What brings a gunslinger to an adventuring party? Are you a mercenary looking for more chance at coin and death? Are you a young man out for revenge on those who killed his family?

Quick Build

You can make a gunslinger quickly by following these suggestions. First, make Dexterity your highest ability score, followed by Constitution. You could instead choose Intelligence as your second highest if you wish to take the spellslinger gunslinger archetype.
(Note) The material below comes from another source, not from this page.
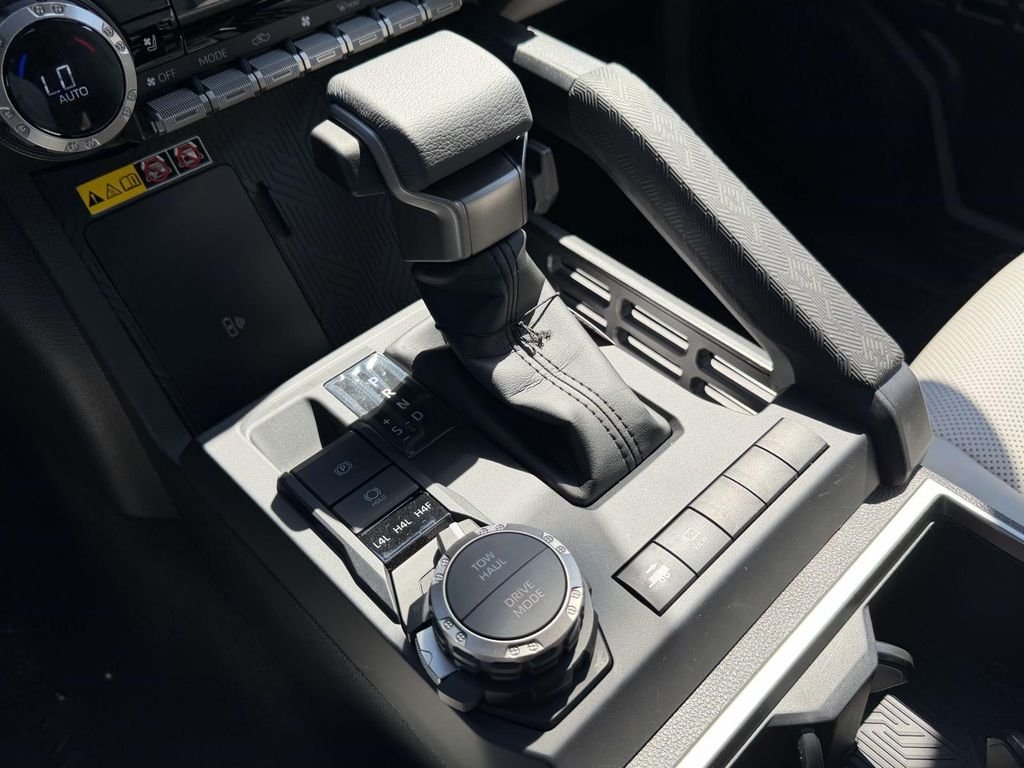 2026 Toyota Tacoma Limited - Photo 6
Second, choose the criminal or sailor backgrounds.

Class Features

As an gunslinger, you gain the following class features.

Hit Points


  • Hit Dice: 1d8 per gunslinger level
  • Hit Points at 1st Level: 8 + your Constitution modifier
  • Hit Points at Higher Levels: 1d8 (or 5) + your Constitution modifier per gunslinger level after 1st

Proficiencies


  • Armour: Light armour
  • Weapons: Firearms
  • Tools: Gunsmith’s Kit
  • Saving Throws: Dexterity, Charisma
  • Skills: Choose two from Acrobatics, Athletics, Deception, Medicine, Perception, Sleight of Hand or Stealth

Equipment

You start with the following equipment, in addition to the equipment granted by your background:

  • (a) a pistol, or (b) a rifle and a bipod
  • a pistol and two holsters
  • an explorer’s pack
  • leather armour, an ammo bandolier, 20 bullets and a gunsmith’s kit
Gunslinger | Class Features
The Gunslinger
Level Proficiency Bonus ⠀Grit⠀ Features
1st +2 2 Grit
2nd +2 2 Take Cover, Speed Draw
3rd +2 3 Gunslinger Trail, Lucky Stars
4th +2 3 Ability Score Improvement
5th +3 4 Extra Attack
6th +3 4 Gunslinger Trail Feature
7th +3 5 Bullseye
8th +3 5 Ability Score Improvement
9th +4 6 Evasion, Speed Draw Improvement
10th +4 6 Gunslinger Trail Feature
11th +4 7 Dead Shot
12th +4 7 Ability Score Improvement
13th +5 8 Lead Rain
14th +5 8 Gunslinger Trail Feature
15th +5 9 Cheat Death
16th +5 9 Ability Score Improvement
17th +6 10 Improved Lucky Stars
18th +6 10 Hawkeye
19th +6 10 Ability Score Improvement
20th +6 10 True Grit

Grit

Beginning at 1st level, you make your mark upon the world with daring deeds. Some gunslingers claim they belong to a mystical way of the gun, but it’s more likely that the volatile nature of firearms simply prunes the unlucky and careless from their ranks. Whatever the reason, all gunslingers have Grit Points. Your gunslinger level determines the number of points you have, as shown on the Grit column of the gunslinger table.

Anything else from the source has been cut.